Barrick, based in Toronto, Canada, acquired Homestake last year. The vast majority of the mine - including an open-pit surface mine, a milling facility and a tailing pond - all would remain under Barrick's control and would not be part of the proposed laboratory.

A deep-underground environment is ideal for an array of scientific work, said John F. Wilkerson, also a UW physics professor and a member of the team proposing the underground lab.

Besides a broad range of basic science - including experiments to measure neutrinos, subatomic particles created by the sun and by more distant stars; to detect invisible dark matter that pervades the universe; and to test the stability of matter - the laboratory also will house important applied science activities.

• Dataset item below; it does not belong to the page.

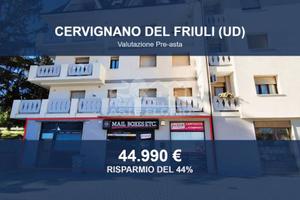 Immobile in asta di 80 m² a Cervignano del Friuli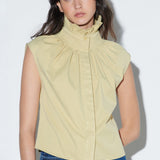 Blusa Zaria Khaki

Examples include facilities to monitor underground nuclear weapons testing and to develop materials that must be shielded from cosmic rays during their manufacture.

"There are existing rooms at Homestake where we could put experiments right now," Wilkerson said. "There are people who would like to go in there in the next month and start experiments."

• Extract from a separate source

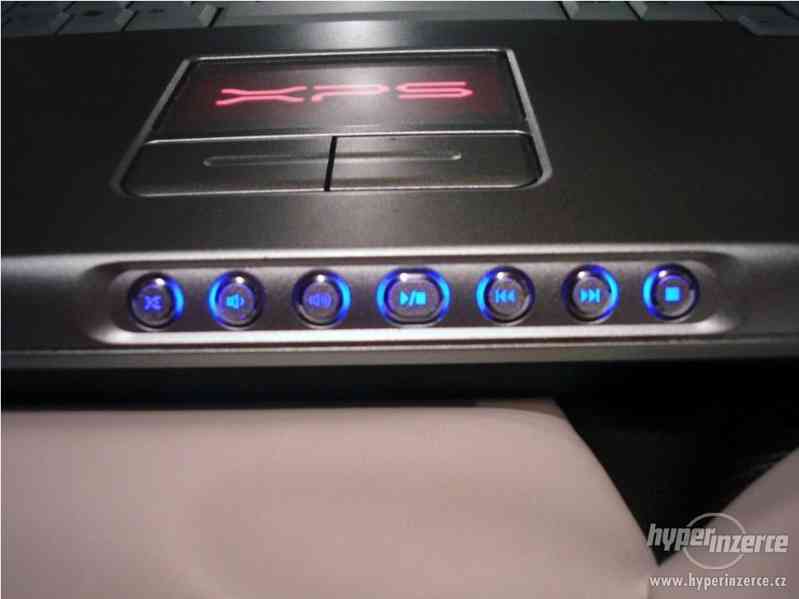 Herní Dell XPS m1710 !FULL HD! LightFX effect - foto 6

Homestake - which helped build the fortune that William Randolph Hearst turned into a national newspaper chain - grew out of an 1870s gold rush. It became home to the world's first neutrino detector, built in 1965 by Ray Davis Jr., then with Brookhaven National Laboratory. That facility, which uses 100,000 gallons of chlorine in a chamber carved out nearly a mile deep, continues to operate today.

But in the last four years, much larger observatories in Japan and Canada (both involving UW researchers) have produced groundbreaking research that demonstrated for the first time that neutrinos - subatomic particles that bombard the Earth by the billions each day - have mass.

That finding has had a major impact on researchers working, for instance, for a greater understanding of gravity, how the sun works and the so-called missing mass of the universe. Now physicists are devising techniques to figure out just exactly how much mass a neutrino has.

There are scientific questions across many disciplines that can be tackled at a national underground lab, Haxton said.

"One good reason for having a national center is that you get a lot of creative people from different fields working together," he said. "They can discuss these problems over lunch, as well as in the lab."